The quartet has taken a form many associate with old men in candy stripes with straw hats and canes, and made it young, fresh, relevant and delightfully humourous. The content of their songs is very British, very current and very recognisable, covering experiencing anxiety on the tube, the recent mayoral elections, the Green Party and fancying Kate Middleton.

The quartet is warm and friendly, chatting with the audience between numbers and they know how to backhand hecklers with mouth-shutting one-liners, a skill I’ve always envied and admired. They also dress formally, which gives them a pleasing aesthetic, and makes the props they use and their lyrical content funnier.

Audially, Barbershopera keep it interesting by mashing up styles, performing four part harmonies then mixing them up with energetic rap, or by having one member talking rather than singing over the backing harmonising, and creating beats with claps or drum sticks. They keep you entertained visually too, with mimes and dance moves (of a kind) to the stories within the songs they perform. This is a group capable of amazing facial contortions.

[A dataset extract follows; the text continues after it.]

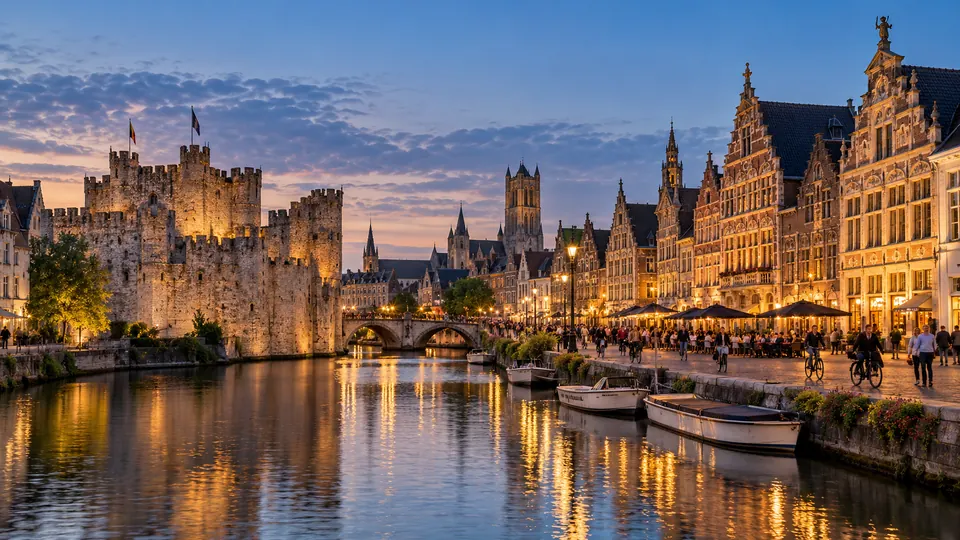 The Gravensteen castle and the lit guild houses of the Graslei in Ghent at dusk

The evening was split into three sections, Barbershopera by themselves, followed by a guest spot from Gary Albert Hughes, actor and singer of Playing It Straight fame (there’s a different guest each night), finishing up with Barbershopera plus the audience. This was a good move as the guest brought a different style (and a pianist) with him, and refreshed the audience for the quartet upon its return.

Hughes performed one number about questing for cocaine in Cancún, and followed this up with the wonderfully hilarious story of Cinderella as narrated by a dyslexic. Word play and linguistic jumbles are always a joy, especially when the words are naughty, with plenty of “cotten runts” and “betty swollocks” swinging all over the shopera. Hughes’s delivery was good, though I did wish at times he would have given a moment to let the meaning of the jumbled words sink in, as recognition wassn’t always immediate – takes a moment or two to be digested, understood and appreciated, but he is still a pleasure to watch.

Post-Hughes, Barbershopera return to the stage to coach the audience through the communal finale, always a nice touch and it ends the happy hour on a high note even for those, like myself, for whom tunes are hot potatoes: impossible to hold.

Barbershopera’s next project is a tuneful take on Alexandre Dumas’s classic novel The Three Musketeers, which they will be performing at Pleasance 2 at the Edinburgh festival from 1-27 August. Described as “Blackadder meets Gilbert & Sullivan”, you’re sure to have a rib tickling hour with this smart vocal foursome.